Wednesday, November 29, 2006

Art Blogging: Ivan Nikolaevich Kramskoy

To my surprise, I discovered that I have not yet written about that genius of Russian Naturalism -- Ivan Nikolaevich Kramskoy (1837-1887) except for a Sermon on Canvas about his painting Christ in the Wilderness.

Kramskoy was a native of central European Russia born into a lower-middle class family. He was educated at the Imperial Fine Arts Academy. Kramskoy painted as an Academic, but rejected the rigidly-enforced Neoclassical subject norms of the Russian Academy. He believed that Russian art should not exist for its own sake, but to serve the cause of social and democratic reform. He organized artists to advance the cause of democracy in Russia.

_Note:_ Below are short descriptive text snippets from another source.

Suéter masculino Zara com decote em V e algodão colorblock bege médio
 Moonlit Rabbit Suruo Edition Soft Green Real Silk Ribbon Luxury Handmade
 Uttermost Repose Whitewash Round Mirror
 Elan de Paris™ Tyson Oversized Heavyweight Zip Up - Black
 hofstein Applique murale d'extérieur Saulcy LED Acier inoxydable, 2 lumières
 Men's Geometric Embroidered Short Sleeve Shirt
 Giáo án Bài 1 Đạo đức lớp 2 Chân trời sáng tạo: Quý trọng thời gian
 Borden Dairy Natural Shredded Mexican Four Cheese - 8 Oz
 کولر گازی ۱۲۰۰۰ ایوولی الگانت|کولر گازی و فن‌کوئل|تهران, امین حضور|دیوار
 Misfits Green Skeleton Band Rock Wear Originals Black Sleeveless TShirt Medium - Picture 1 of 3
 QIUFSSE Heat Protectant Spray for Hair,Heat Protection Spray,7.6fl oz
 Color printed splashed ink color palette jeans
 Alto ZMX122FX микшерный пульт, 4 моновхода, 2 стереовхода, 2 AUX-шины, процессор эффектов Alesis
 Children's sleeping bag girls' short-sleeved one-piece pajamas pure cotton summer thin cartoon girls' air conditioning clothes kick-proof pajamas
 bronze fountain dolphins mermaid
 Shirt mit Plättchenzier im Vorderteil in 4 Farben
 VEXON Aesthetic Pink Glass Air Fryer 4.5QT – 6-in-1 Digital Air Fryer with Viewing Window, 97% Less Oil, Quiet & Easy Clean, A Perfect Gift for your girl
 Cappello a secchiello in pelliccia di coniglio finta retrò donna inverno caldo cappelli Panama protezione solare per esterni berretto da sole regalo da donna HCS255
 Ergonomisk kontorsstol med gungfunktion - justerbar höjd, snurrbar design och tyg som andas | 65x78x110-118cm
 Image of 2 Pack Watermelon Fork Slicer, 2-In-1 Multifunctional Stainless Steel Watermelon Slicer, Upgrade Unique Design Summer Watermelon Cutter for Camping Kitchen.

Peasant Holding a Bridle (1887) at the Museum of Russian Art in Kiev. Looks like a photograph, doesn't it? Right down to the veins and tendons on this man's hands. And notice how the light is depicted perfectly, glistening off the man's beard. The Neoclassical norms from which Kramskoy rebelled would never have considered this beautiful.












If you're an artist and you want your bling bling, then you've got to paint portraits. This is Portrait of Actor Vasily Samoilov (1881) at the Tretyakov.